_Try it_.
The line with "Budynek magistratu przy" marks the start; please set it down along with all later lines through the end of the material, exactly, leaving out pictures.
START Data excerpt
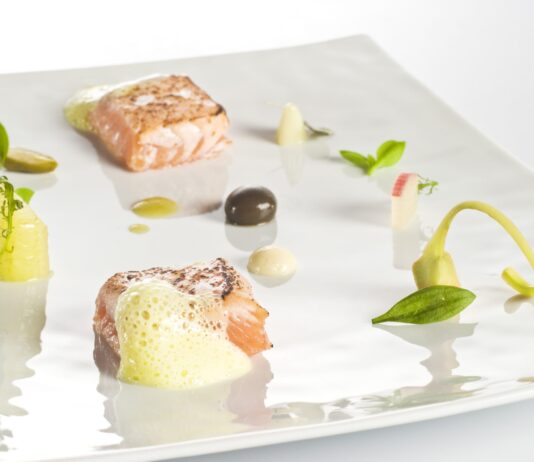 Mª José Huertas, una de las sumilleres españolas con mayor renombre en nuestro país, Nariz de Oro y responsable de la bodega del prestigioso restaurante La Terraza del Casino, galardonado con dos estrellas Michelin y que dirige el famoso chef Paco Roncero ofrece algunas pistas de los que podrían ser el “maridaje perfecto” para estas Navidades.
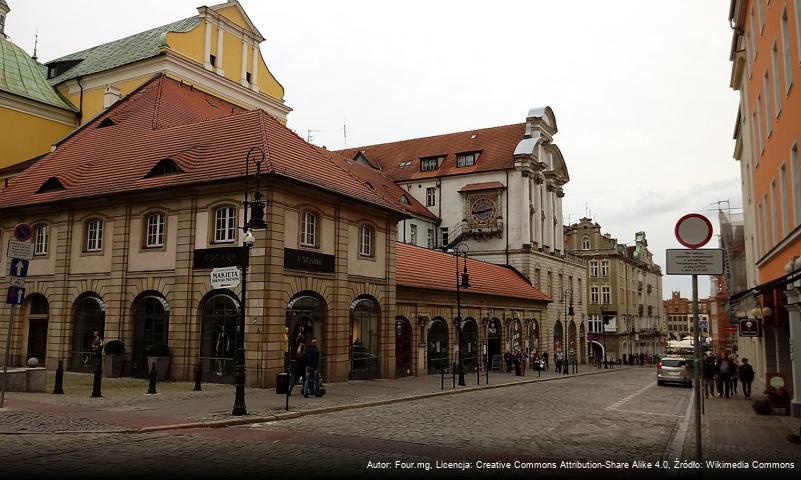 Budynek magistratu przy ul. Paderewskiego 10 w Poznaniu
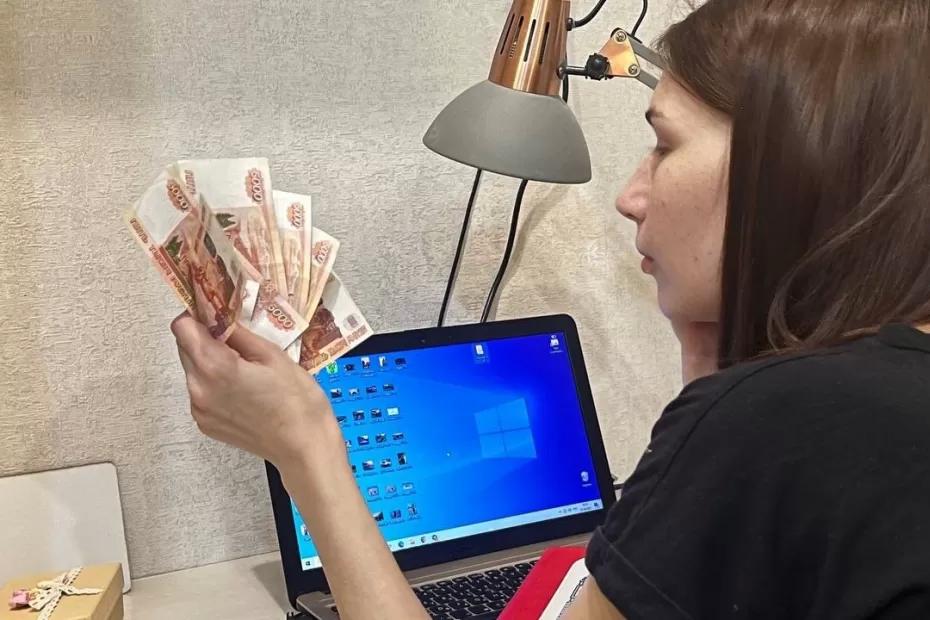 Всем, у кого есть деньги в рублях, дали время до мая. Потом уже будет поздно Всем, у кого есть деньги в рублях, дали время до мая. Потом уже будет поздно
END Data excerpt
_Solution for this exercise_.
 Budynek magistratu przy ul. Paderewskiego 10 w Poznaniu
 Всем, у кого есть деньги в рублях, дали время до мая. Потом уже будет поздно Всем, у кого есть деньги в рублях, дали время до мая. Потом уже будет поздно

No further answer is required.